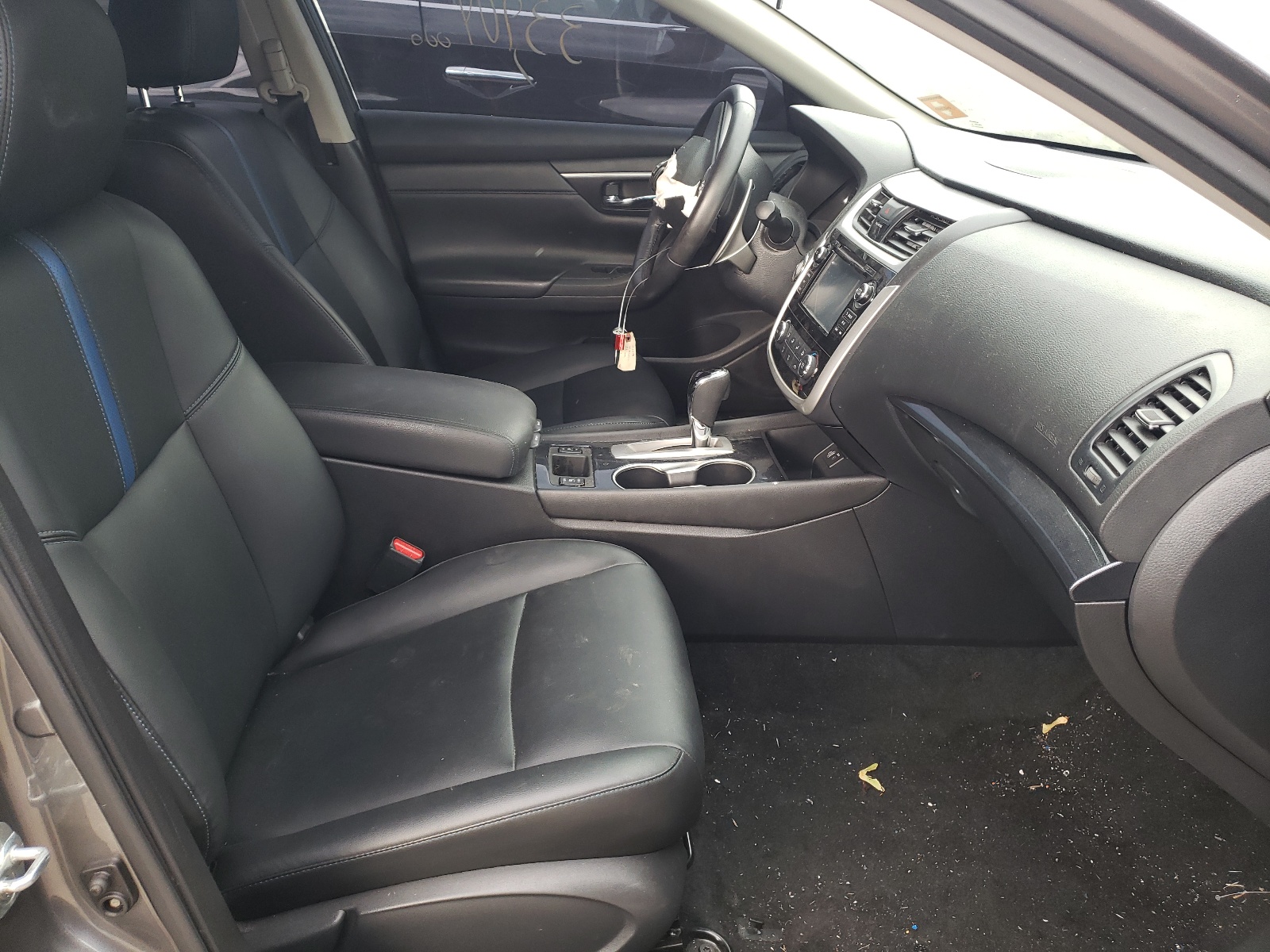 Photo 5 from auction – 2018 NISSAN ALTIMA 2.5 with VIN 1N4AL3AP4JC298826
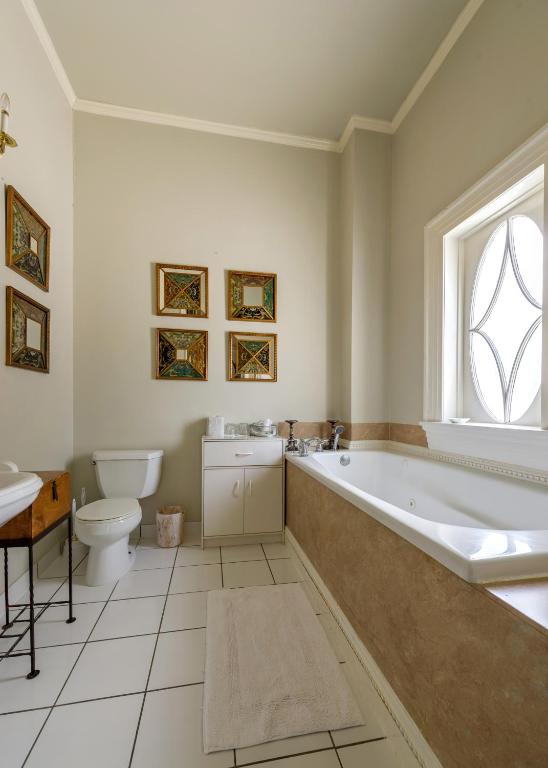 Historic Michabelle Inn - Deluxe King Room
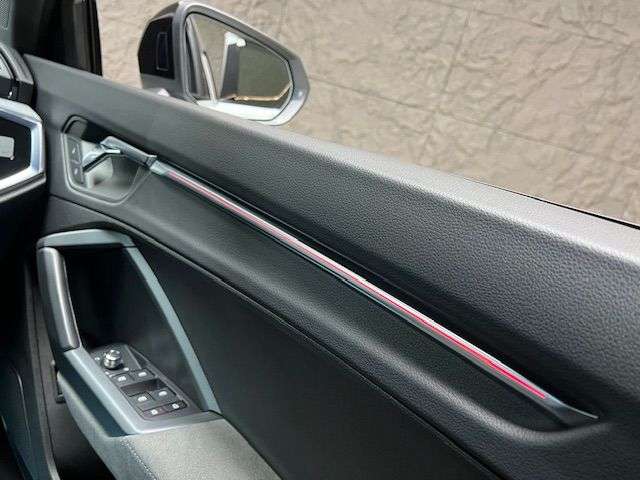 2019 AUDI Q3 2019 AUDI Q3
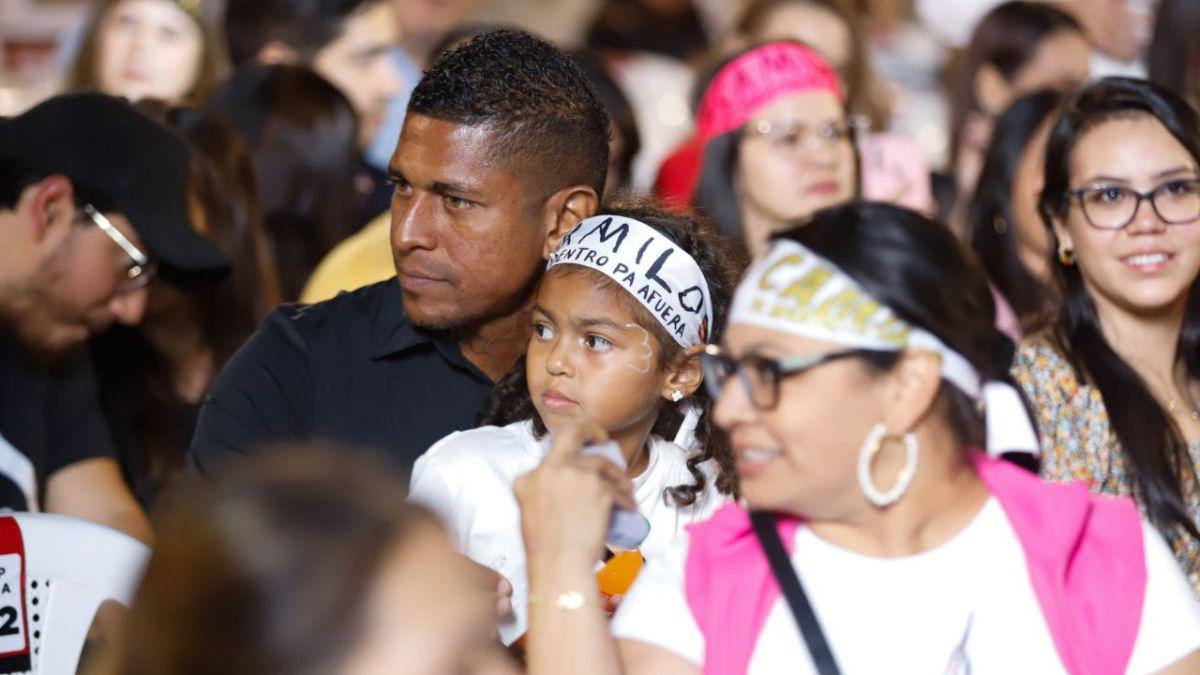 Gran ambiente en la capital para bailar al ritmo de Camilo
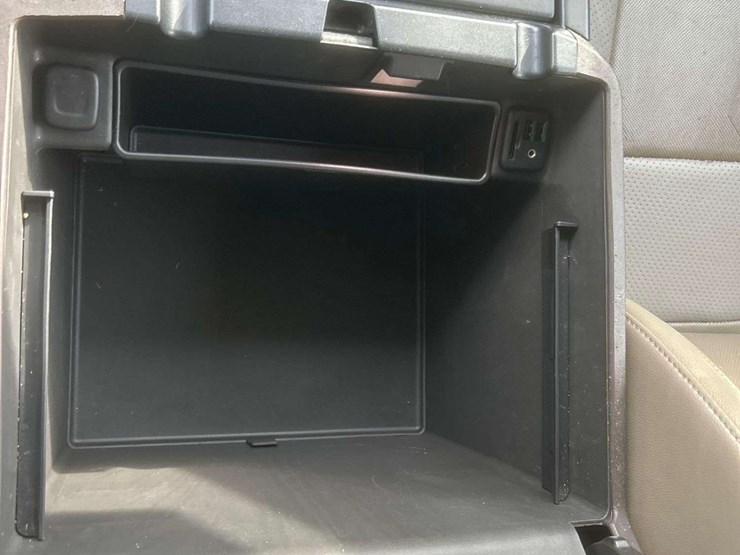 2014-chevrolet-silverado-4x4-crew-cab-pickup-truck-image-32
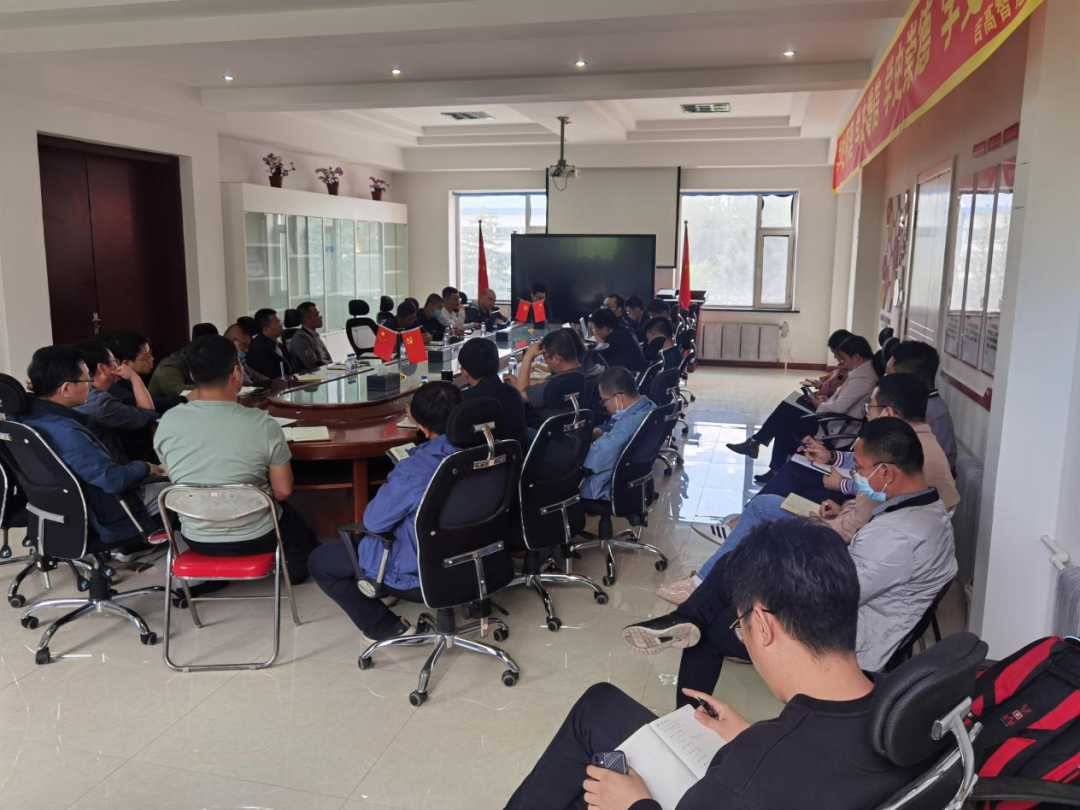 数据信息中心：加快推进省中心业务系统迁移工程.png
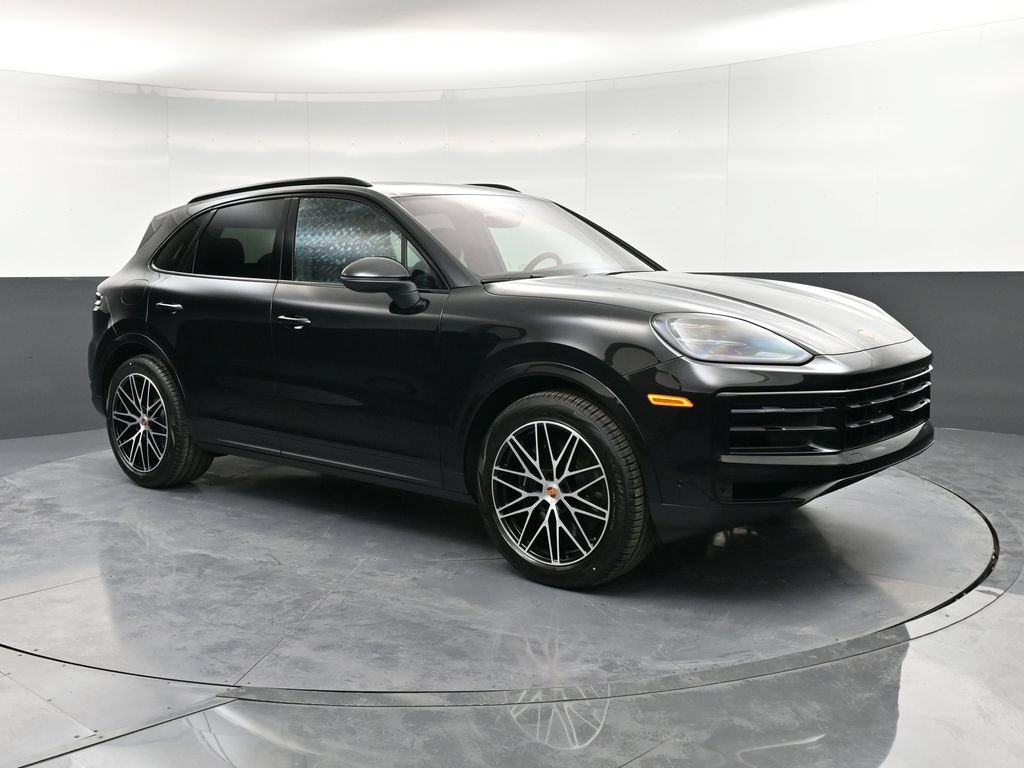 Certified 2026 Porsche Cayenne AWD/4WD image 10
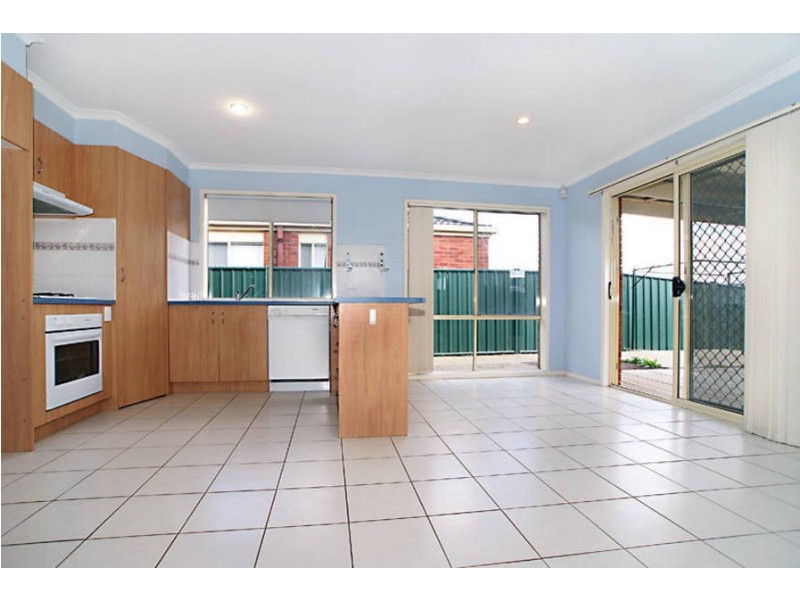 73 Fydler Ave, Burnside VIC 3023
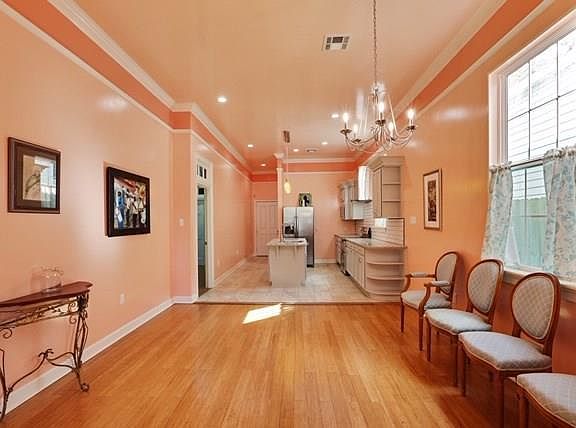 4th image of 2735 Orleans Ave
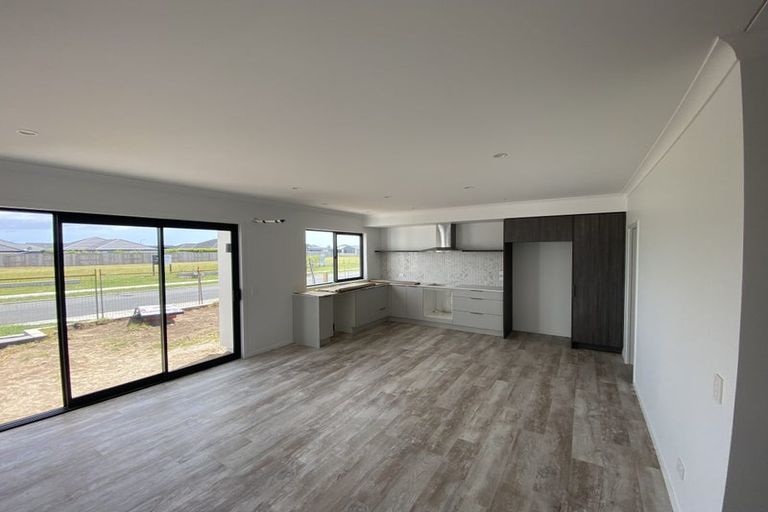 Photo of property in 3 Atutahi Lane, Papamoa Beach, 3118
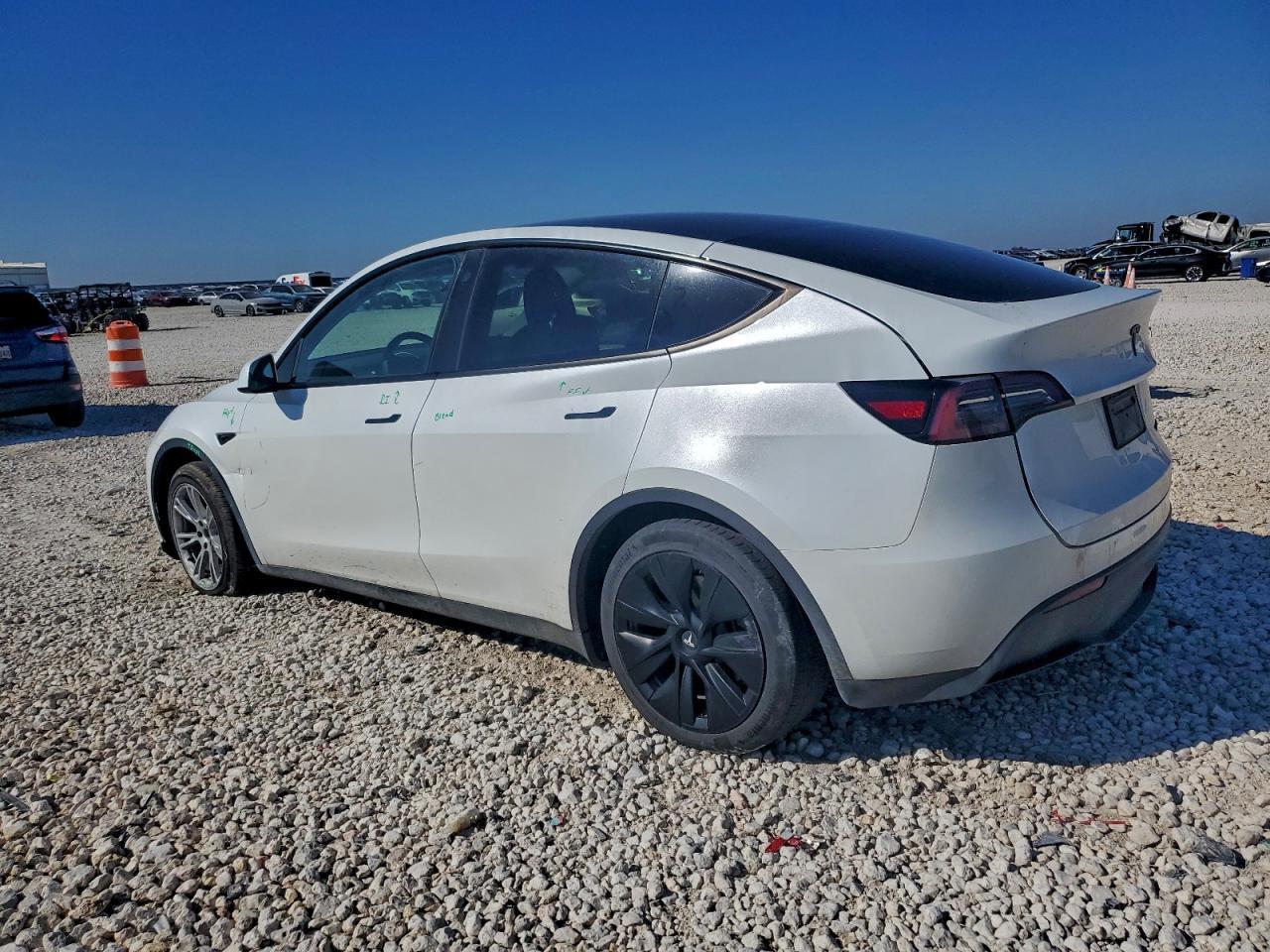 2023 Tesla Model Y - Фото 2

== Assignment ==
Could you return the entire listing above verbatim while dropping each picture?

== Exercise solution ==
 Photo 5 from auction – 2018 NISSAN ALTIMA 2.5 with VIN 1N4AL3AP4JC298826
 Historic Michabelle Inn - Deluxe King Room
 2019 AUDI Q3 2019 AUDI Q3
 Gran ambiente en la capital para bailar al ritmo de Camilo
 2014-chevrolet-silverado-4x4-crew-cab-pickup-truck-image-32
 数据信息中心：加快推进省中心业务系统迁移工程.png
 Certified 2026 Porsche Cayenne AWD/4WD image 10
 73 Fydler Ave, Burnside VIC 3023
 4th image of 2735 Orleans Ave
 Photo of property in 3 Atutahi Lane, Papamoa Beach, 3118
 2023 Tesla Model Y - Фото 2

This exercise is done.